In the previous article we covered how to start a single VM, we now need to figure out how to run many VMs on the same machine.
Firecracker snapshots
Firecracker snapshots are key to getting to ~50ms boot times for VMs. Snapshots capture the full state of the VM (memory and CPU state) and saves them to disk, they can then be used to restart a VM without incurring the initialisation cost of creating a VM from scratch.
Snapshots are easy to create in Firecracker, you first pause the VM and then send the snapshot command:
# Pause the VM
curl --unix-socket /tmp/firecracker.socket -i \
-X PATCH 'http://localhost/vm' \
-H 'Accept: application/json' \
-H 'Content-Type: application/json' \
-d '{
"state": "Paused"
}'
# Create the snapshot
curl --unix-socket /tmp/firecracker.socket -i \
-X PUT 'http://localhost/snapshot/create' \
-H 'Accept: application/json' \
-H 'Content-Type: application/json' \
-d '{
"snapshot_type": "Full",
"snapshot_path": "/path/to/vmstate",
"mem_file_path": "/path/to/mem"
}'
You can then restore the snapshots using:
# Load the snapshot
curl --unix-socket /tmp/firecracker.socket -i \
-X PUT 'http://localhost/snapshot/load' \
-H 'Accept: application/json' \
-H 'Content-Type: application/json' \
-d '{
"snapshot_path": "/path/to/vmstate",
"mem_backend": {
"backend_type": "File",
"backend_path": "/path/to/mem"
},
"enable_diff_snapshots": false,
"resume_vm": false
}'
# Resume the VM
curl --unix-socket /tmp/firecracker.socket -i \
-X PATCH 'http://localhost/vm' \
-H 'Accept: application/json' \
-H 'Content-Type: application/json' \
-d '{
"state": "Resumed"
}'
Creating many VMs from a single snapshot
There are two main challenges with creating many VMs from a single snapshot:
- They all share the same filesystem
- They all share the same networking configuration
As a result, our host doesn't know how to communicate with a specific VM due the network configuration issue and even if it did, they all share the same filesystem. Let's fix these two issues.
Creating filesystems for each VM
Each time we start a new VM, we need a new filesystem. While we could just copy over the full filesystem for each VM, this is not very space efficient.

Instead of copying the full file, we are going to use the concept of copy on write (COW)
file clones. The idea is that every VM will share the same blocks of data, however if one VM
writes to a block of data, we copy it and edit it. As a result of this, the cp operation
is very fast and there is just a very small overhead when writing or editing files in a VM.

To do this, all we need to do is to add the option "--reflink=auto" when
running the cp command:
cp --reflink=auto /root/firecracker-vm/rootfs.ext4 /path/to/destination/rootfs.ext4
Unique networking stack for VMs
As we've seen, snapshotting a VM with Firecracker captures the memory and device state which includes the guest network configuration.
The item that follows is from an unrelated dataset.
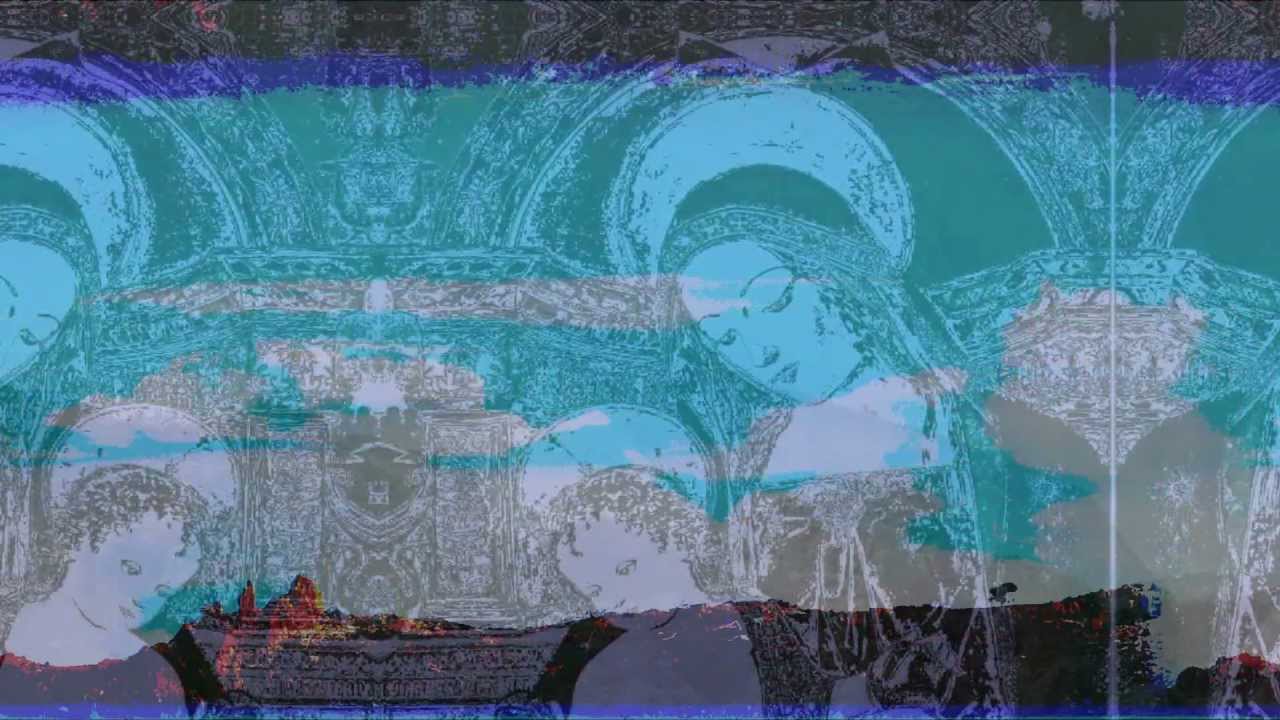 O Virgo Splendens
While this makes it easy to restore a VM, it makes it challenging to create many VMs from a single snapshot as they would all share the same IP.
The solution to this is to use network namespaces on the host OS. Each namespace provides an isolated network
stack, so the same IP can be reused across namespaces without conflict.

In addition to using namespaces, we will also create a unique MAC address and static ARP entry so that the first TCP connection doesn't need an ARP round-trip:
# Create the namespace
ip netns add fc-vm1
# Create a TAP device inside the namespace
ip netns exec fc-vm1 ip tuntap add dev tap-golden mode tap
ip netns exec fc-vm1 ip addr add 172.16.0.1/30 dev tap-golden
ip netns exec fc-vm1 ip link set tap-golden up
# Pre-seed ARP table with the guest's MAC address
ip netns exec fc-vm1 ip neigh add 172.16.0.2 lladdr 06:00:AC:10:00:02 dev tap-golden nud permanent
Benchmarking VM startup times
We are going to benchmark VM startup times using the same methodology as ComputeSDKs benchmarking scripts: sequentially start VMs, wait until we can connect to them, destroy them and start a new one. We'll track two key metrics:
- How long it takes for a VM to start
- How many VMs we can start per minute
As a baseline, without using snapshots it takes around ~933ms to start a VM with the majority of the time taken by waiting for the kernel to boot (~880ms). Snapshots should allow us to get that time down to less than 50ms.
Benchmarks with snapshots
When using snapshots, the startup times drop
| Avg | P95 | |
|---|---|---|
| Ready time | 260 ms | 292 ms |
| Throughput | 3.84 VMs/s | |
| Top bottleneck: copy rootfs | 142 ms | 171 ms |
| Top bottleneck: exec command | 57 ms | 67 ms |
While we are not quite at the 50ms goal we set, we decreased startup times by a factor of 8x !
Using rootfs pools
We can see from the benchmark results that one of the remaining bottlenecks is copying the rootfs
file for each VM. To optimize this, we can create a pool of rootfs files that are ready to go so that
on each VM creation call we just take one from the pool cutting this operations to less than 0.5ms.
As we are using copy on write, there aren't many downsides to this approach and we will just need to make sure that we create them fast enough in the background which can be easily achieved with some multi-threading
| Avg | P95 | |
|---|---|---|
| Ready time | 120 ms | 138 ms |
| Throughput | 8.33 VMs/s | |
| Top bottleneck: exec command | 59 ms | 74 ms |
| Top bottleneck: tcp connect | 39 ms | 49 ms |
With further optimizations like replacing socat with a lightweight C relay that keeps a single shell alive across connections (avoiding the fork/exec/PTY overhead on every request), we were able to bring the average ready time down to 74ms at 13.49 VMs/s.1
Footnotes
-
After these optimizations, the per-step breakdown shows
exec commanddropping from ~59ms to ~9ms avg, with the remaining bottleneck beingtcp connectat ~41ms avg. ↩